What is a Pellet Wood Stove?
A pellet wood stove is an eco-friendly heating system that makes use of wood pellets instead of logs as fuel. These pellets measure about half an inch long and are made from saw dust, wood shavings and other sawmill by products. The stove is constructed from thick metal but is quite compact and cost-efficient. To make sure you’re purchasing the right pellet wood stove, the unit you’re about to buy should bear a permanent “U.S. Environmental Protection Agency" label. This indicates that the stove underwent EPA accredited laboratory testing and meets the updated standards for wood burning emissions.
Types of Pellet Stoves
Pellet stoves may come in the form of freestanding units or as inserts to modify an existing wood stove, to avoid the cost of buying a new one as an upgrade to a non EPA certified stove. Pellet stove inserts may also be installed in an existing vent system of a home to provide heating effect for the entire structure.
Other types of pellet stoves are equipped with a system that fans the heat to spread out inside a room or a floor level, depending on the stove’s heat range capacity.
Like any other product, this type of wood stove appliance has its advantages and disadvantages; perhaps you should check them out first.
Advantages of Pellet Wood Stoves
Pellet wood stoves are quite safe in as much as the stove itself has no heat on its external surface. Children and pets are relatively safe from accidentally searing themselves against the metal fixture. This also allows the placing of the stove close to the wall by a distance of at least an inch in between.
The said stoves have no smoke emissions and do not produce any unpleasant smell or aridness.
It is said to have 75% to 90% burning efficiency producing only minimal moisture; hence, very little gas output combines with the air.
A 40 pound sack of pellet costs only $3 and can last for two days.
A homeowner is entitled to a Residential Energy Efficiency Tax Credit, for the use or installation of energy efficient technologies from 2009 to 2010 at a combined total of up to $1500. Provided that the equipment or installations are new and meet the EPA performance and safety standards.
The Stove’s Disadvantages
Pellet wood stoves are electricity operated and are plugged to normal outlets just like any appliance. The electricity is needed by the motorized pellet fuel feeder to ensure even and regular feeding of wood pellets from the hopper or pellet container to the steel burn-pot.

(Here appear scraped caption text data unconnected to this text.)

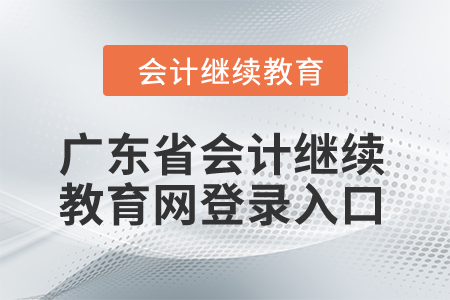2024年廣東省會計繼續(xù)教育網(wǎng)登錄入口 2024年廣東省會計繼續(xù)教育網(wǎng)登錄入口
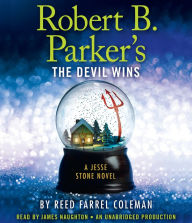 Robert B. Parker's The Devil Wins (Jesse Stone Series #14)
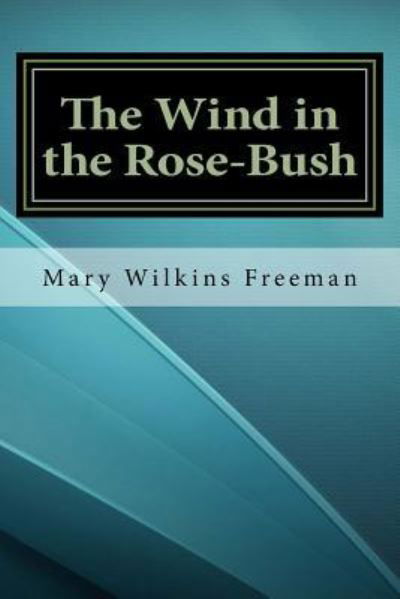 Cover for Mary Wilkins Freeman · The Wind in the Rose-Bush (Paperback Bog) (2016)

The normal electrical consumption of a pellet wood stove per month is about 100KWH. There are models that come with battery packs.
Not all houses can be fitted with a pellet wood stove insert for the house’s vent system. US housing laws prohibit their installations in manufactured or pre-fabricated houses.
For houses with installed pellet wood stoves in their vent systems, a professional will be required to perform an annual chimney sweep before winter or at the end of each fall. The professional will issue a certification regarding the results of the chimney sweep which includes an affirmation that the components of the pellet wood stoves as well as the chimney are in good working condition.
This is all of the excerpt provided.